Press Trust Of India

Posted online: Wednesday, April 23, 2008 at 2259 hrs Print Email


London, April 22 : An estimated 2,500 highly skilled Indian workers who were forced to leave Britain due to the unlawful changes to immigration rules may be allowed to return.

The changes, applied with retrospective effect to the Highly Skilled Migrants Programme (HSMP) in November 2006, were struck down by the High Court on April 8 as unlawful. HSMP Forum, the campaign group which spearheaded public and legal challenges to the government regulations, is working with the Home Office to ensure that those who were forced to leave Britain due to the controversial retrospective changes, are allowed to return and take up employment under the HSMP.
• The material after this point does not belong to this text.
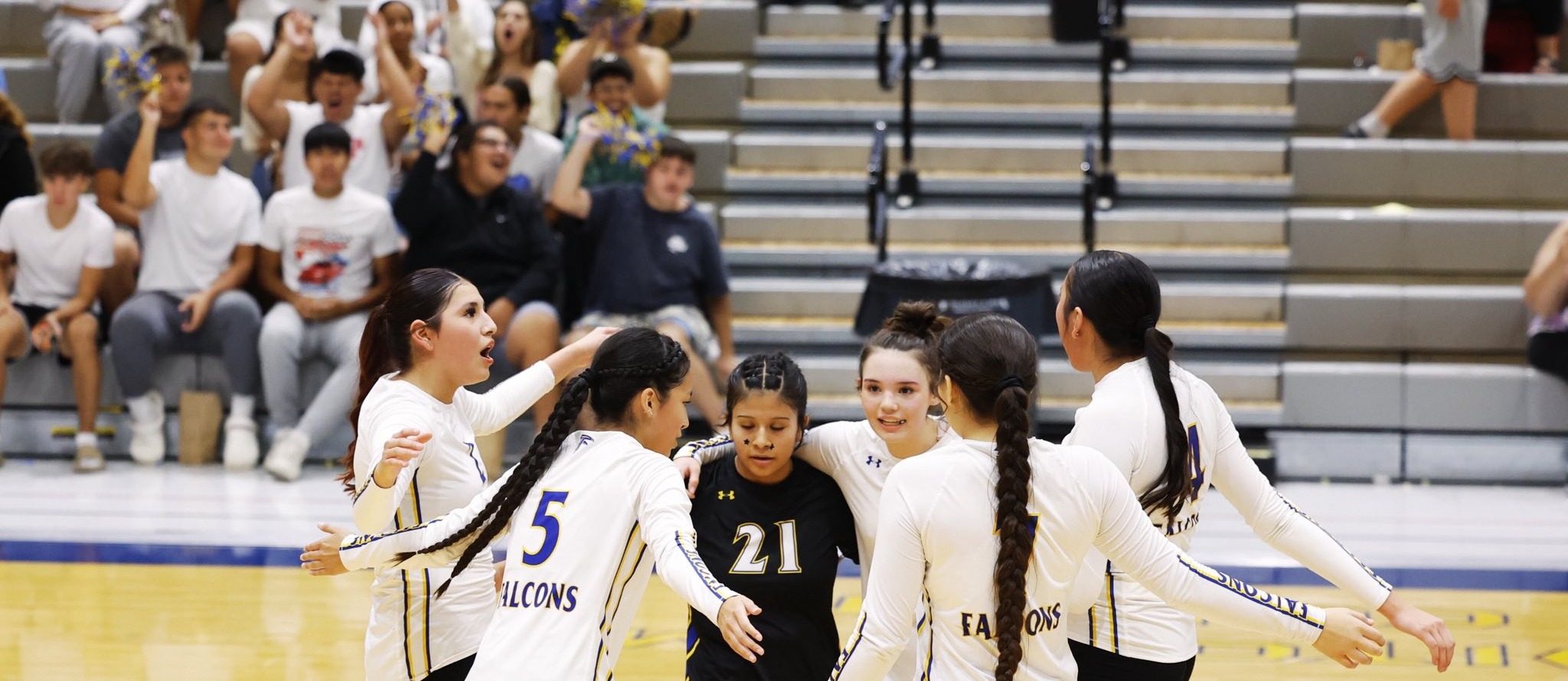 Todd County Volleyball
“It is now the responsibility of the Home Office that those affected by the November 2006 changes should be allowed back into the country. We will be pursuing this with the government,” Amit Kapadia of the HSMP Forum told PTI.

Kapadia said that an estimated 5,000 professionals, nearly half of them Indian, were forced to leave Britain because the “unlawful changes were implemented”, which resulted in their not meeting the new criteria of the programme.

Under the scheme, points were allocated for educational qualification, age, salary and the UK Experience and UK Study. But the Government effected changes in the programme in November 2006 under which the HSMP visa holders had to reappear for examination requiring higher annual income and had age restrictions to get their visa extended.

Kapadia said the forum will work with the Home Office to ensure that the April 8 judgement were fully implemented.

The forum was at liberty to appeal in court if the judgement were not implemented in letter and spirit, he added.

On its part, the Home Office has accepted the judgement and decided not to appeal against it on the ground that it did “not intend to waste taxpayer’s money with an appeal”.

Lin Homer, chief executive of Border and Immigration Agency, informed Kapadia in an email: “We are now urgently considering how to give effect to the judgement and will let you know the details as soon as we can. “You will understand that we want to make sure that we have given these matters due consideration so that the remedies we put in place are clear and work as smoothly as possible,” Homer wrote.